In his keynote address, the acting National Commissioner, Makgothi Thobakgale expressed how pleased he was to see all inmates at Qalakabusha Correctional Centre, in the KwaZulu-Natal region, wearing their full uniform. He observed this laudable work when he visited the centre on 11 October 2021, during a surprise search. He commended the Branch: Remand Detention for projecting the allocation of remand detainee’s uniform, and ensuring that the department delivers on its mandate. He advised all HCCs in attendance to read and understand the Supply Chain Management approved policies and procedures, in order to follow the prescribed and legal processes, especially when ordering uniform. He further encouraged them to assimilate the DCS’ Self-Sufficiency and Sustainability Strategic Framework (SSSF) in their centres, and become innovative and contribute towards having all correctional facilities manufacturing their own uniform.

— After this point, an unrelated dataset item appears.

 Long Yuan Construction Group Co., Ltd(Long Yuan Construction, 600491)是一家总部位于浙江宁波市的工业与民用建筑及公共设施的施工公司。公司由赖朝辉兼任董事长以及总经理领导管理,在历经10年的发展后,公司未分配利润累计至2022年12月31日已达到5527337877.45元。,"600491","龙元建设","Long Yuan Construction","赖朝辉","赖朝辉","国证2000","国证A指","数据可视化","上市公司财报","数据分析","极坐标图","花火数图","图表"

The HCCs also had robust discussions and raised challenges they encounter with other counterparts in the security cluster, including the South African Police Service (SAPS) and the Judiciary (courts). These challenges include the detention of inmates with minor offences/charges in centres that are already overcrowded, and the classification of remand detainees within 7 days with the shortage of security officials. In an effort to mitigate against these challenges, Chief Deputy Commissioner (CDC): Remand Detention, Moeketsi Mashibini encouraged HCCs to engage with magistrate courts during their cluster meetings, to inform and highlight the importance of all systems and procedures that are used to manage overcrowding in the centres. He also informed the HCCs that the department is working on a Remand Detention Overcrowding Reduction Strategy.
The second and final leg of the current Remand Detention Consultative Sessions will be held on 19 November 2021, at Durban Management Area, KwaZulu-Natal region, and will be attended by officials from Limpopo, Mpumalanga and North West, Gauteng and KwaZulu-Natal regions.